À l’opposé, accéder aux rares services gouvernementaux accessibles en ligne est souvent compliqué, déroutant et lourd. Il y a un écart considérable et grandissant entre les services gouvernementaux et les autres expériences que nous vivons en ligne au quotidien. Cet écart me préoccupe de plus en plus parce que, pour avoir confiance, les gens doivent croire en vos motivations et en vos capacités et respecter ce que vous arrivez à faire quand vous mettez en œuvre ces motivations et ces capacités.

Une expérience positive amène une utilisation répétée, du bouche-à-oreille positif et une meilleure réputation. À mon avis, pour assurer leur crédibilité et obtenir la confiance des citoyens, les gouvernements doivent répondre à ces derniers à l’aide des moyens de communication d’aujourd’hui, pas de ceux d’hier. La réalité d’aujourd’hui fait que les gouvernements doivent commencer à offrir la commodité et les services auxquels les citoyens et les entreprises sont habitués dans le monde de plus en plus numérique dans lequel nous vivons.

C’est ce qui m’a amené à présenter la motion no 107 : je veux faire comprendre au gouvernement l’urgence de la situation afin que les ministres et les fonctionnaires qui veulent désespérément apporter ces changements obtiennent un meilleur appui politique.

La Présidente vient de lire la motion no 107. Le dépôt de cette motion a entraîné une étude du directeur parlementaire du budget qui a été publiée il y a environ deux semaines, le 15 septembre. Au cours des prochaines minutes, je vais rapidement passer en revue la situation des services gouvernementaux en ligne au Canada puis je parlerai de certaines des conclusions du directeur parlementaire du budget et d’autres questions qu’il faut régler pour que le Canada fasse progresser la prestation des services gouvernementaux en ligne.
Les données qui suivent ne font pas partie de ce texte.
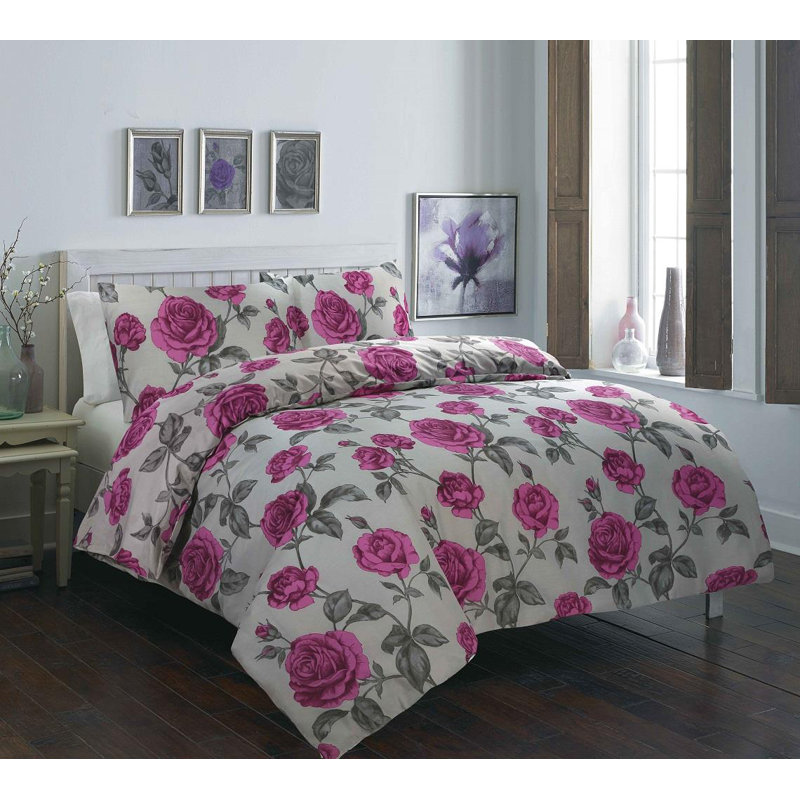 Aribella Cotton Blend Floral Bedding with Pillowcases, Super King Duvet Cover Set + 2Standard Pillowcases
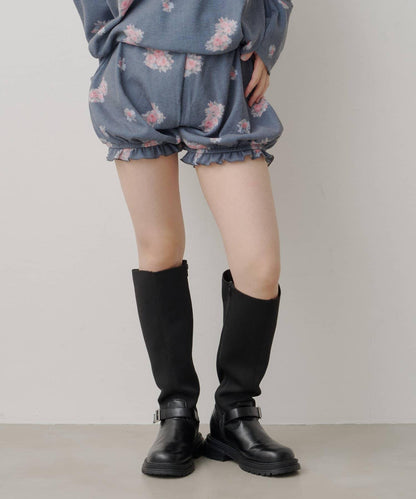 花卉華夫格短褲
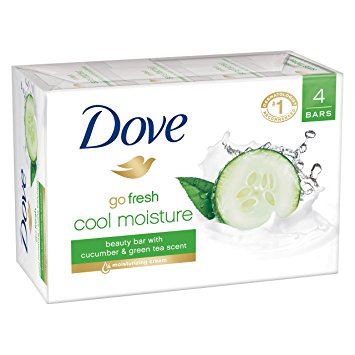 Dove go fresh Beauty Bar, Cucumber and Green Tea 4 oz, 4 Bar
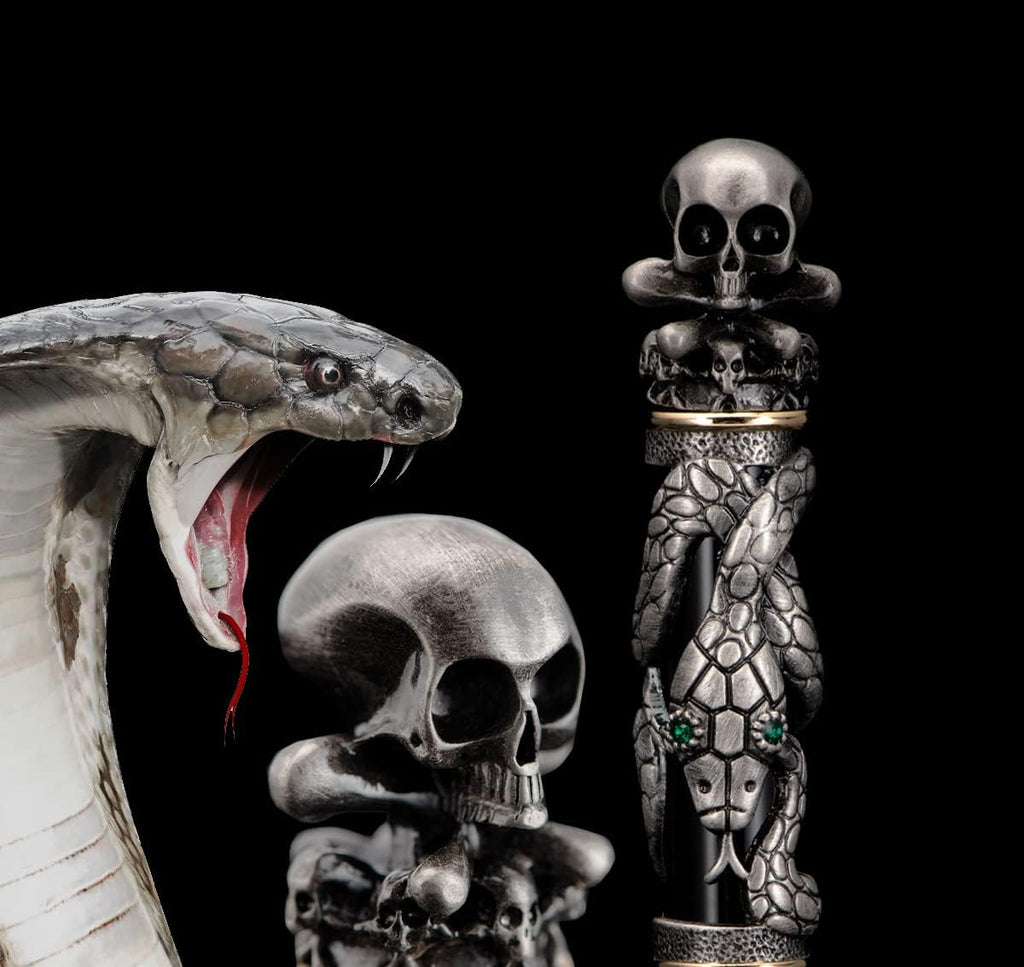 Jinhao Black Snake Fountain Pen Medium Nib Retro Style with Skull Head Solid Metal and Paper Pen Case Set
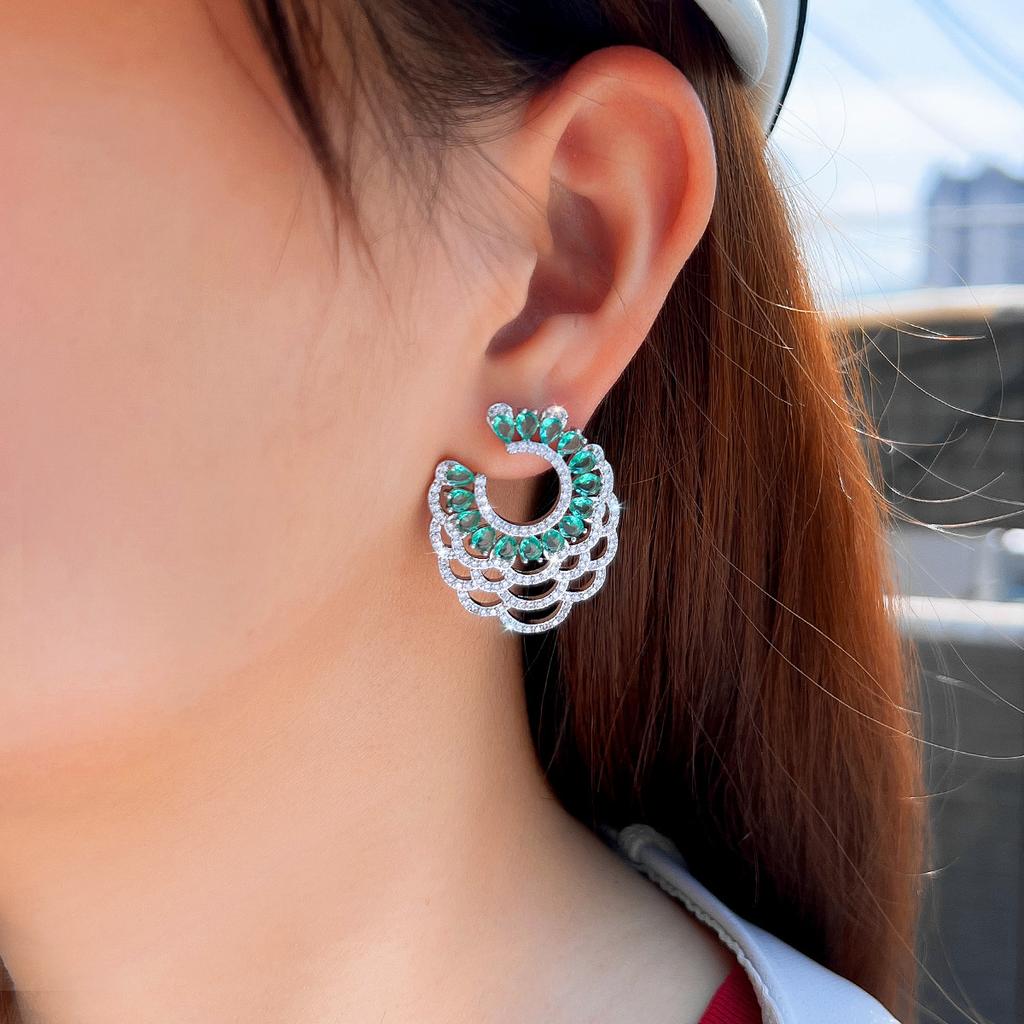 Needle French Light Luxury C-Shaped Geometric Earrings Daily Temperament Lace Zircon Earrings Stud Earrings
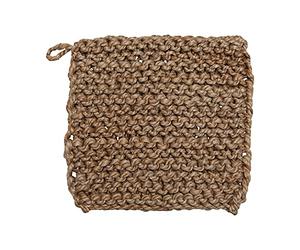 Bloomingville Soporte cuadrado de yute natural de ganchillo, 8 pulgadas cuadradas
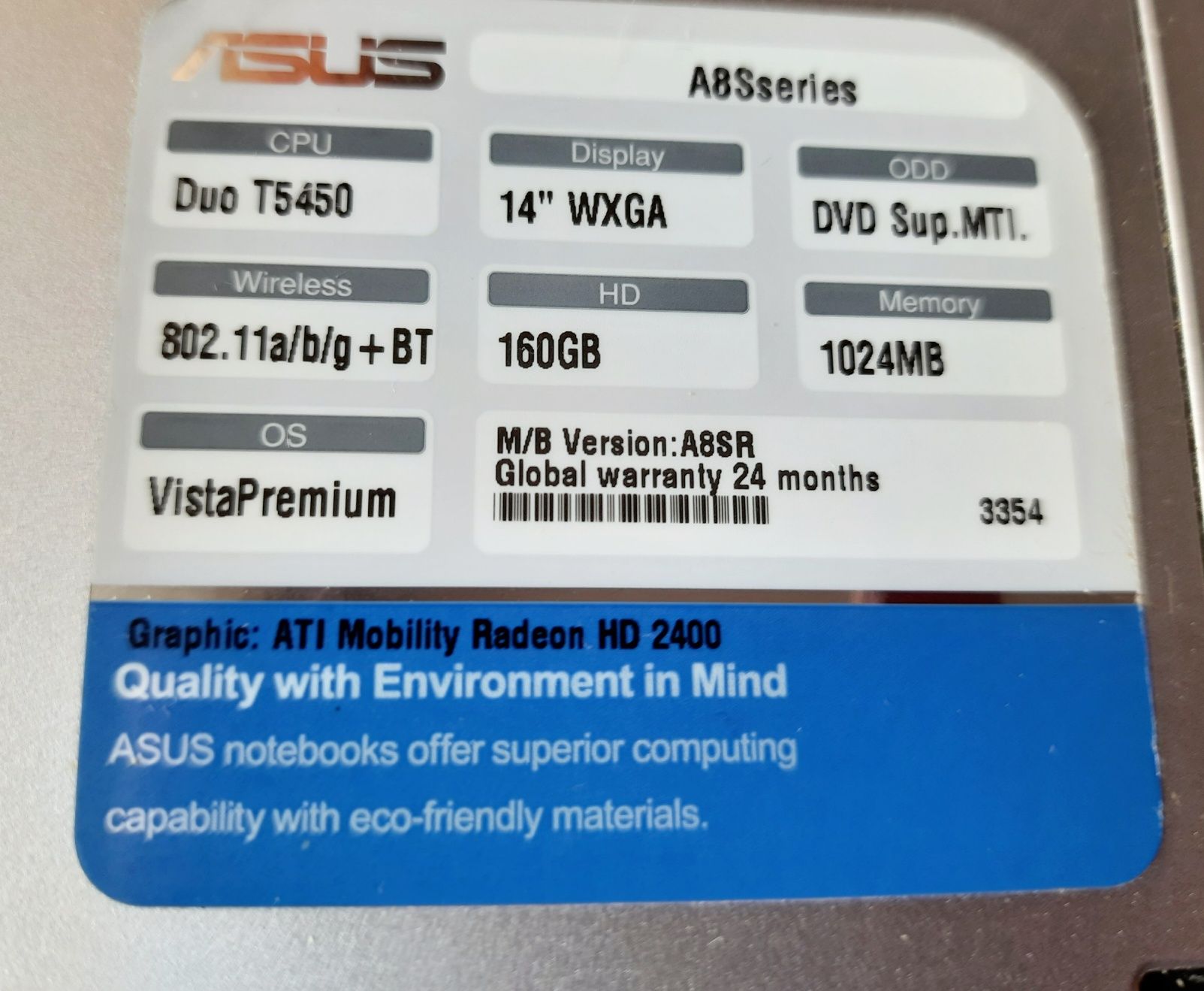 Ноутбук Asus A8SR екран 14 у гарному стані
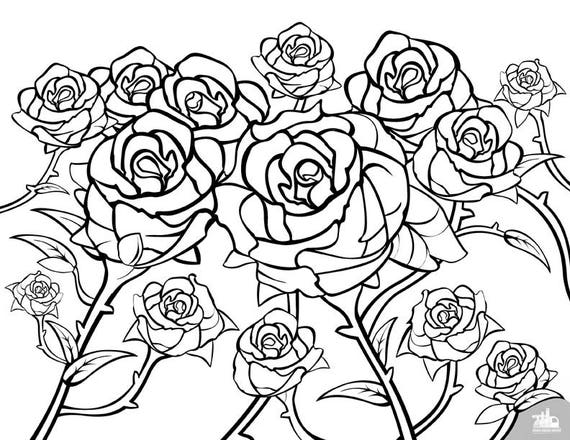 Texas roses coloring sheet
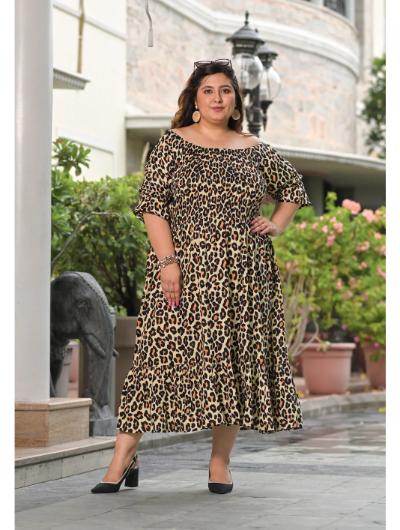 Plus size Black Tiger Printed Dress - BONYHUBSALWAR KAMEEZ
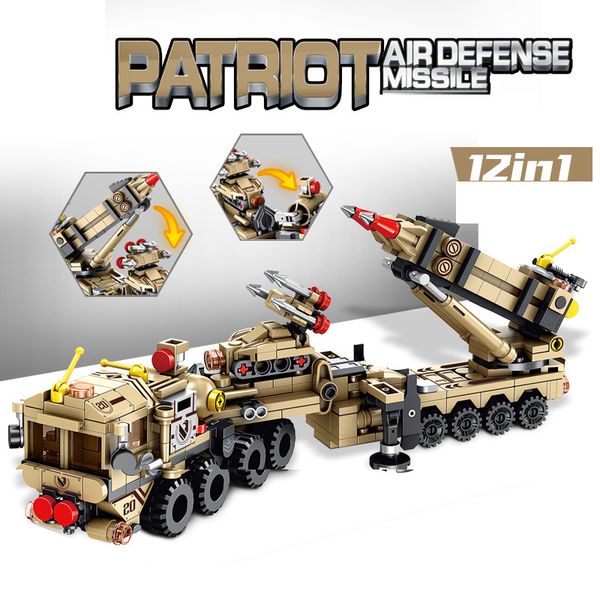

12 in 1 military patriot air defense missile model kits antiaircraft armored truck armoured vehicle building blocks bricks toy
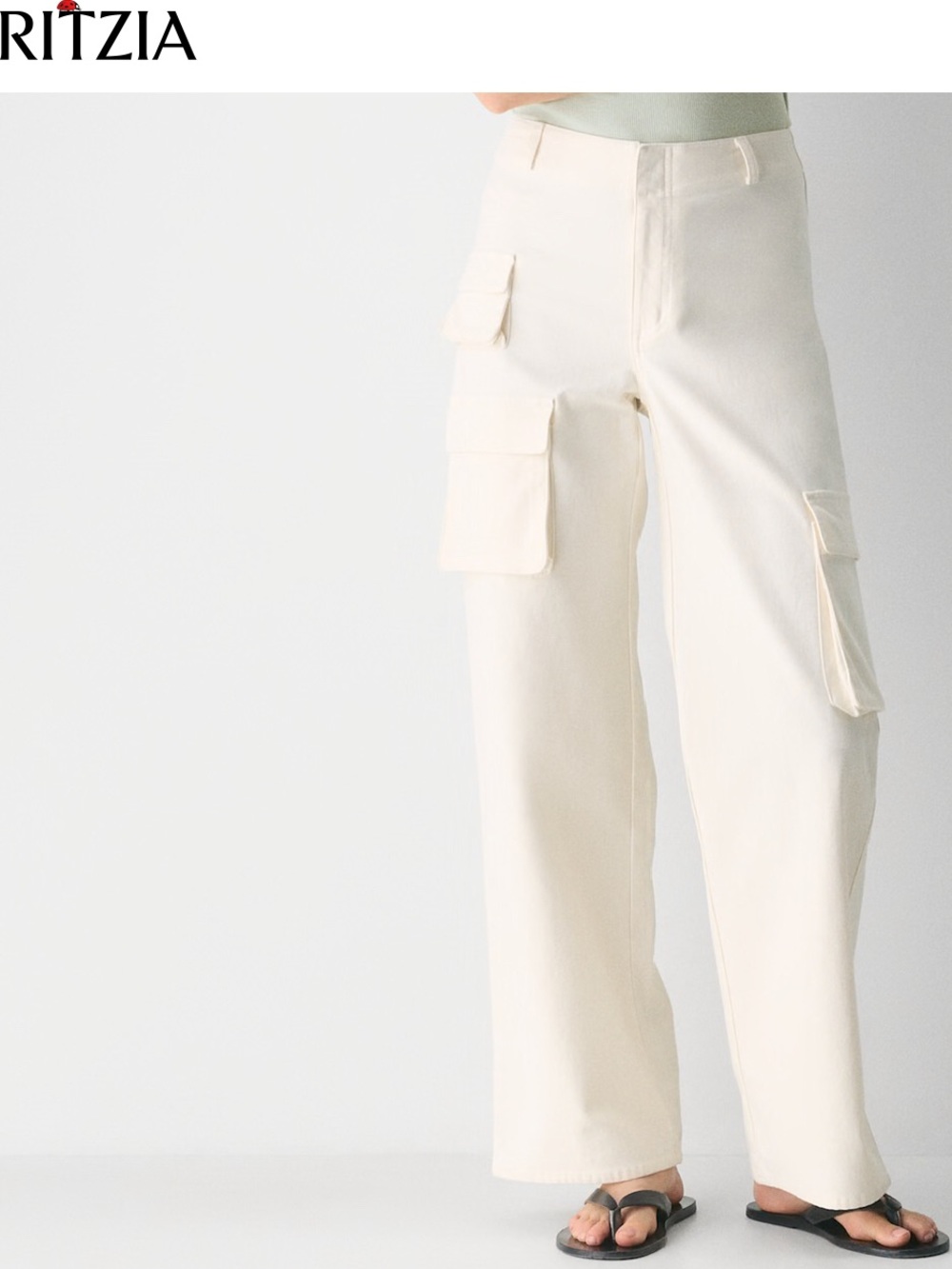 Aritzia Cream Cargo Wide-Leg Pants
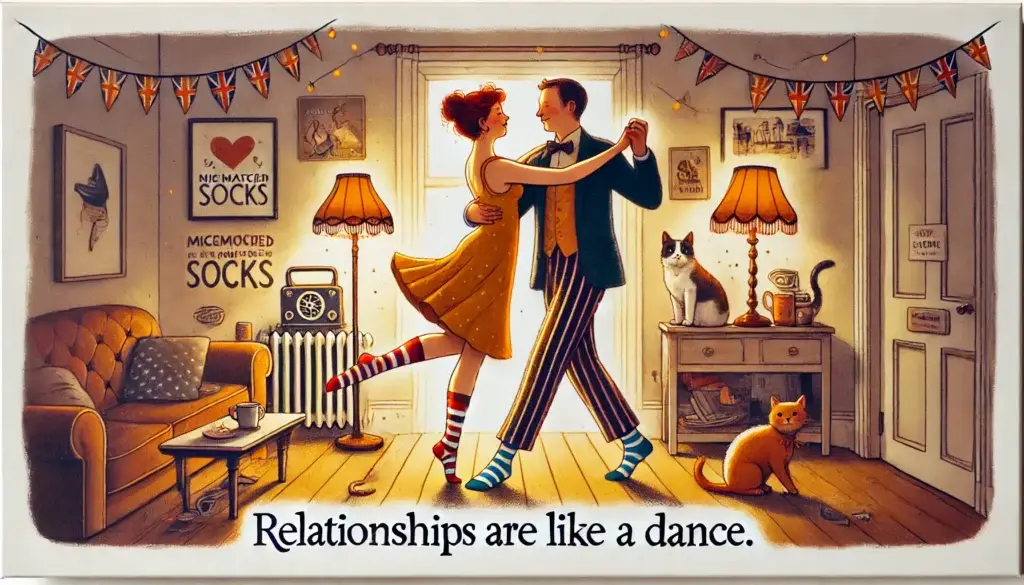 Illustration eines Paares, das tanzt: Die Partnerin gleitet harmonisch, während der Partner ungeschickt auf ihren Fuß tritt. Darstellung von Triggern in Beziehungen mit einer humorvollen Wohnzimmerkulisse, inklusive kleiner Details wie einer Katze und einem Plattenspieler. Text: ‚Beziehungen sind wie ein Tanz.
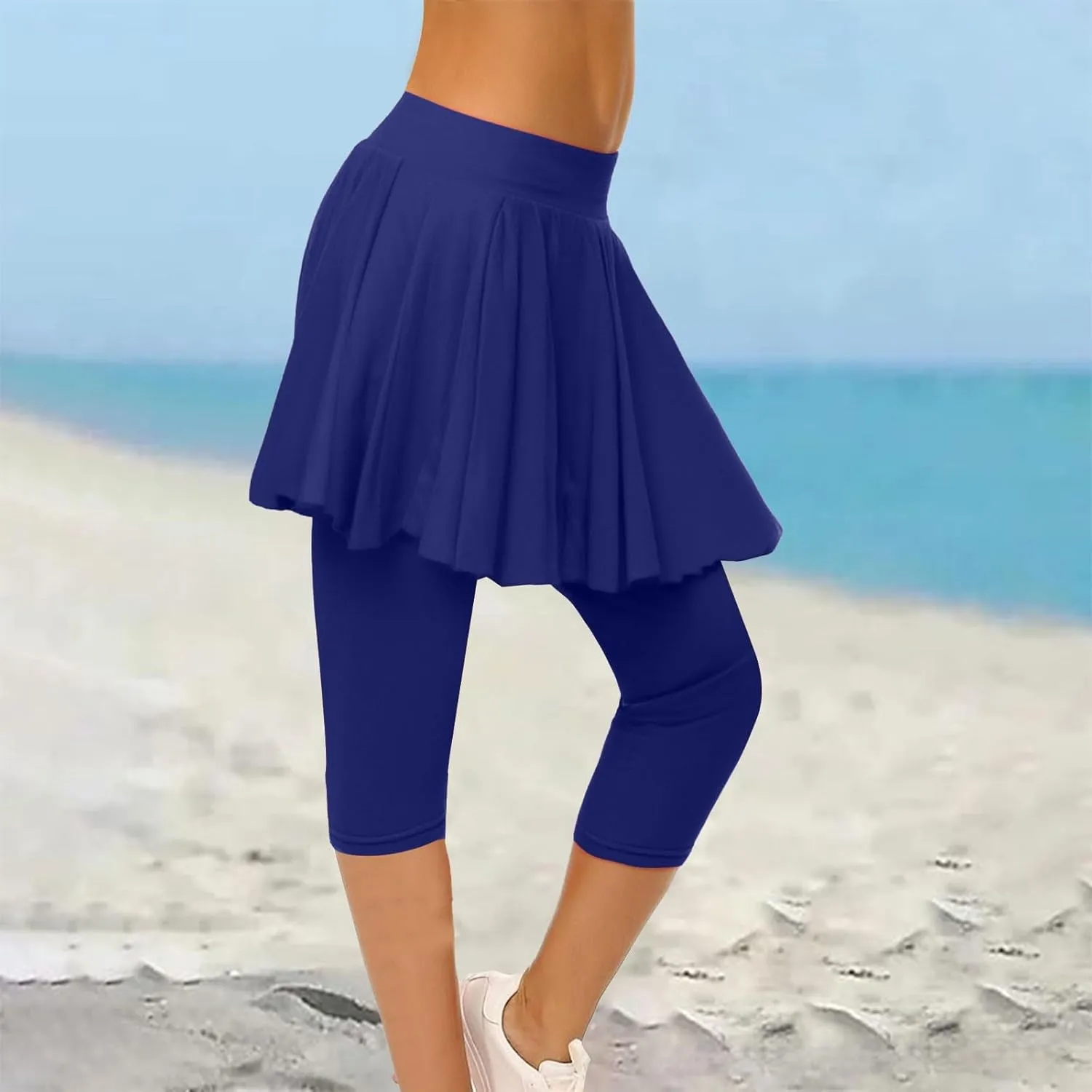 Tennis Skirted Leggings for Women Yoga Athletic Tummy Control Skort Golf Pickleball Capri Leggings with Ruffle Skirt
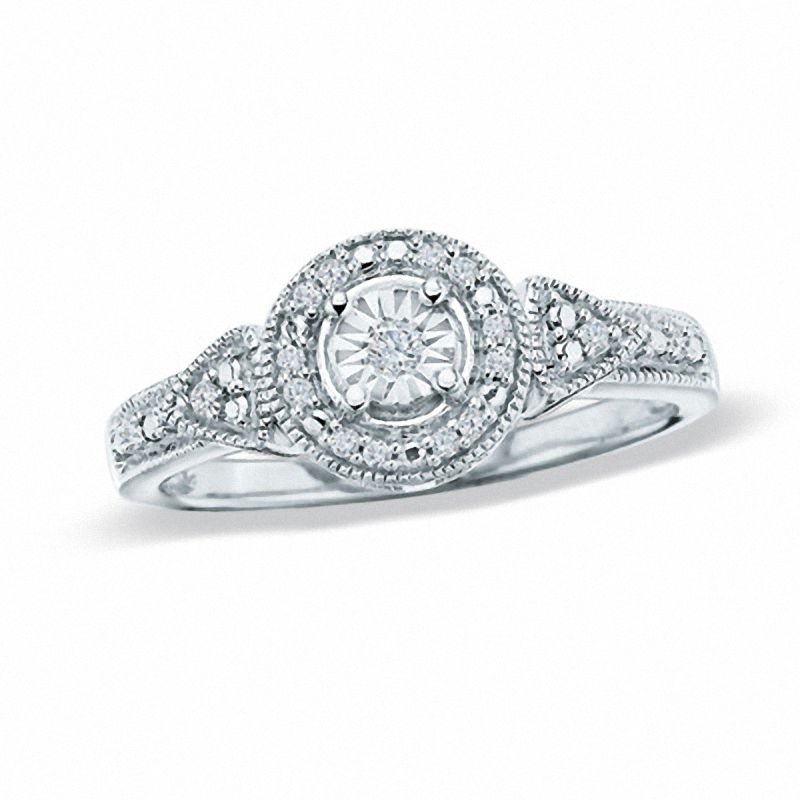 Previously Owned - 0.12 CT. T.W. Diamond Round Frame Ring in Sterling Silver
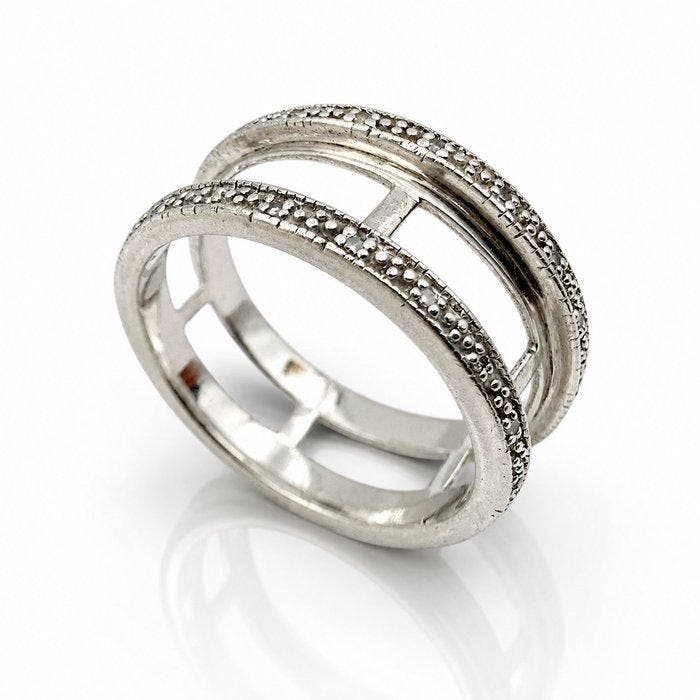 Zonder minimumprijs - Ring Zilver - Diamant (Gecertificeerd), Sieraden, Tassen en Uiterlijk, Ringen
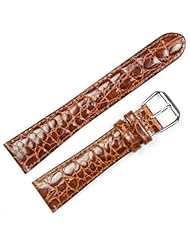 Alligator Grain Watchband Brown 20mm Short Watch band - by deBeer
Commençons par ce qui se passe aujourd’hui. Le Canada est en retard sur les autres pays dans la course à la transformation numérique. Bien qu’il dispose d’une capacité exceptionnelle grâce à des programmes de recherche, des universités et des entreprises de premier plan, le Canada n’est pas un chef de file en matière de compétitivité numérique. Dans l’enquête des Nations unies sur l’administration en ligne de 2022, le Canada s’est classé au 32e rang, alors qu’il était au 3e rang il y a une dizaine d’années. Le classement par niveau des administrations en ligne du Boston Consulting Group semble indiquer que le Canada a les pires services gouvernementaux numériques parmi 40 pays.

Sans surprise, ServiceNow a constaté que huit Canadiens sur dix pensent que les entreprises de produits de consommation offrent un meilleur service à la clientèle que le gouvernement, et que huit Canadiens sur dix pensent que la navigation dans les services gouvernementaux serait plus simple avec davantage d’outils numériques. Les Canadiens ont également indiqué que les processus longs et déroutants figuraient au haut de leur liste de plaintes.

Bref, les Canadiens veulent de meilleurs services gouvernementaux numériques, et nos gouvernements ne suivent pas le rythme du reste du monde, qui accélère. Cependant, l’accès pratique à des services gouvernementaux est loin d’être le seul défi. Les investissements technologiques limités augmentent les risques en matière de cybersécurité et les coûts incalculables associés à ceux-ci.

Dans son rapport annuel de novembre dernier, la vérificatrice générale Karen Hogan a fait part de ses préoccupations concernant les contrôles de cybersécurité du gouvernement canadien, mettant en évidence des pratiques incohérentes qui exposent des renseignements sensibles et des infrastructures numériques à des risques de cyberattaques. Elle a également souligné que les fonctionnaires canadiens hésitent davantage à adopter les nouvelles technologies que leurs homologues étrangers.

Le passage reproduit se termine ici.